__AIM OF THE EXERCISE__:
Print exactly the lines from the one that contains "Pohled na chtrajc" through the last line of the material, both included, and leave out all pictures.

__PROVIDED DATA__:

---*---

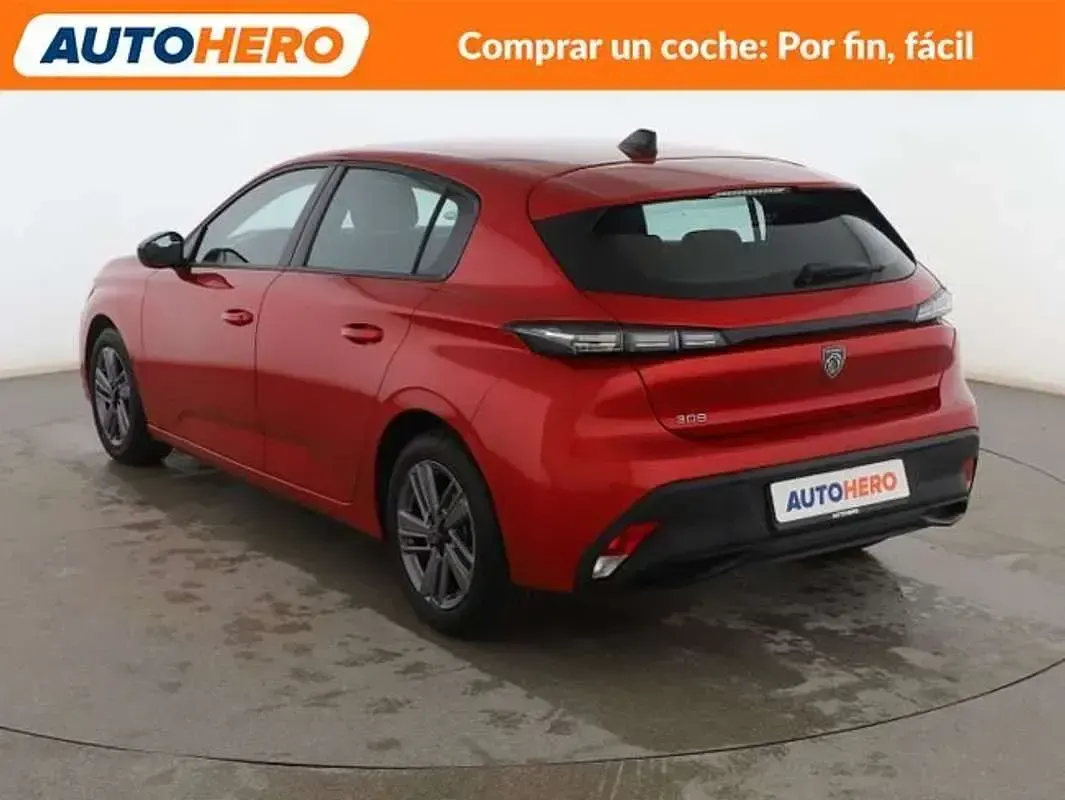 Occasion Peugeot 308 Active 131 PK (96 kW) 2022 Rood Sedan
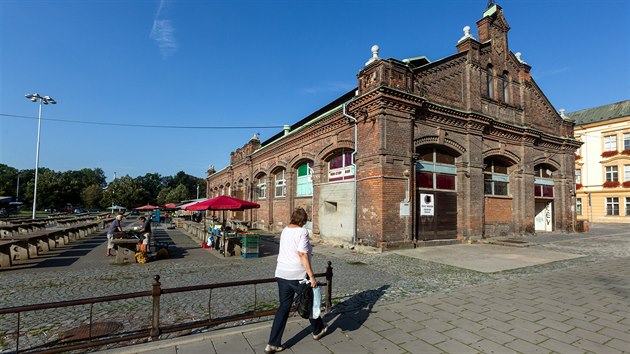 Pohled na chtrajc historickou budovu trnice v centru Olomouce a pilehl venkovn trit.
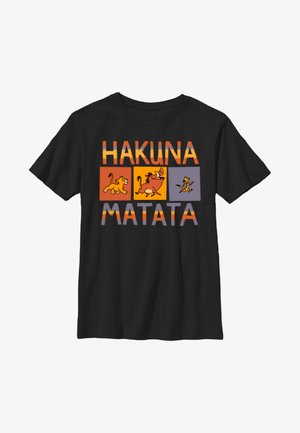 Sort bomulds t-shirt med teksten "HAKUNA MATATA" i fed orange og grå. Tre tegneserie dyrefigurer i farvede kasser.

---*---

__ANSWER FOR THIS EXERCISE__:
 Pohled na chtrajc historickou budovu trnice v centru Olomouce a pilehl venkovn trit.
 Sort bomulds t-shirt med teksten "HAKUNA MATATA" i fed orange og grå. Tre tegneserie dyrefigurer i farvede kasser.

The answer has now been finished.